Aquel día del ramito de perejil, mi abuela Victoria dijo muy bajito:
– Matilde, eres un primor.
La abuela lo expresó con ternura, mientras sus ojos se llenaban de lágrimas por no poder mantener la risa. Y desde aquel día se me quedó dentro la palabra primor. Y un día, paseando con mi hermano Pablo –que no conoció a Matilde porque aún no había nacido- vi una tienda de colores que se llamaba igual.

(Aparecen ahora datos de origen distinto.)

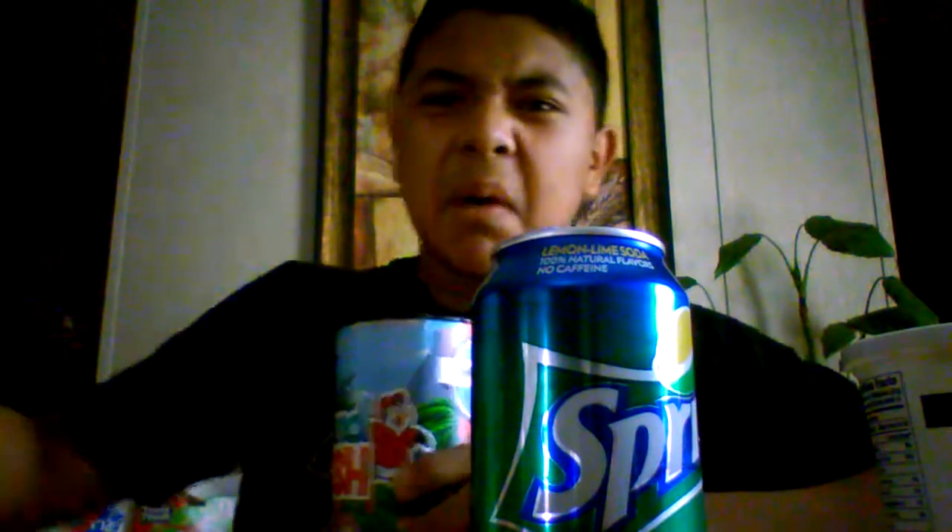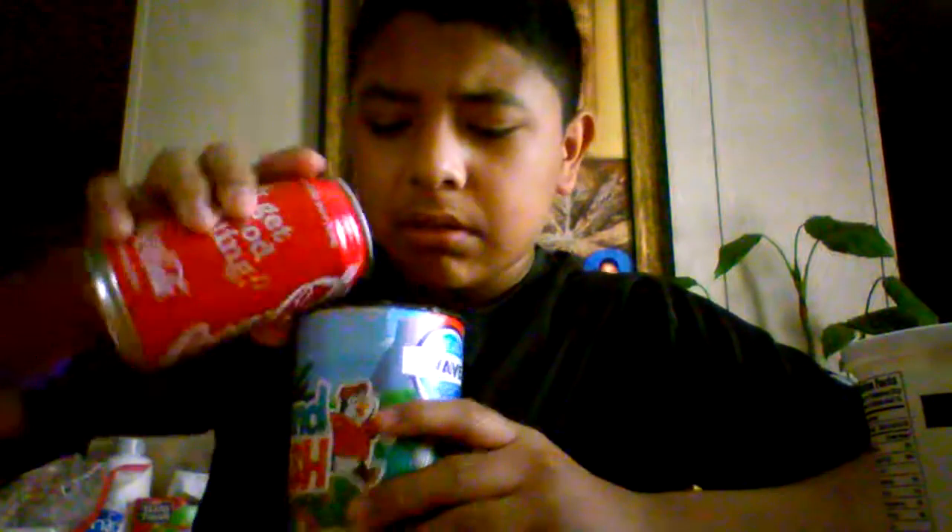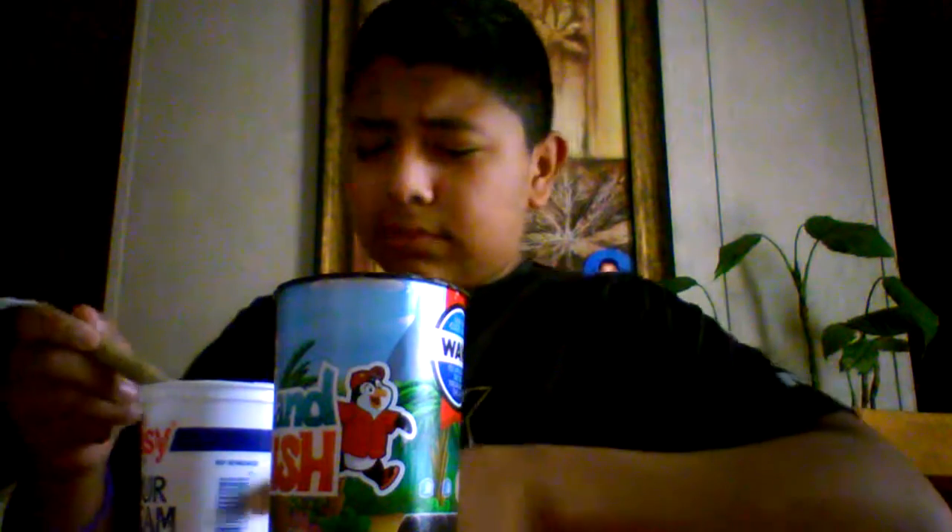Okay, so I brought a cup — my cup right there. I'm just gonna mix everything. I'm gonna put the Coke in — see that, smells good — Sprite, and I'm gonna add some milk. Oh gosh. We got a little more Coke there, there you go. I'm gonna put that aside, gonna get a spoon for the sour cream. Oh, that already smells bad, oh my gosh.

-¿Puedo entrar?–le pregunté.
-Te espero fuera.
Y Pablo esperó más de diez minutos a que yo recorriera sólo un trocito de aquel mundo mágico. Desde entonces, cuando voy a Málaga, quiero que mi hermano me lleve al palacio de las aromas. Ya no me espera, se marcha y cuando cree prudente me hace un gesto desde fuera para que sepa que existe. Siempre salgo con bolsas llenas de colonia de naranja, de jengibre o de iris, polvos de nácar, brochas, que al final no sé para qué son pero me gustan, neceseres de flores y lacas que posiblemente nunca usaré ni en Carnaval, aunque a mí me parecen fascinantes.
Esta mañana, ayer fue el día del Carmen, el cartero me ha traído un paquete certificado. Emocionada, casi ni le he dicho adiós cuando he firmado en esa especie de ordenador donde uno no reconoce su letra. En el remite veo la letra de Pablo. Quito despacio la cuerda y los papeles y me encuentro una tarjetita pegada a una cajita del perfume que más me gusta:
– Felicidades, hermana –dice- eres un primor, pero me encantaría verte con un ramito de perejil en la boca.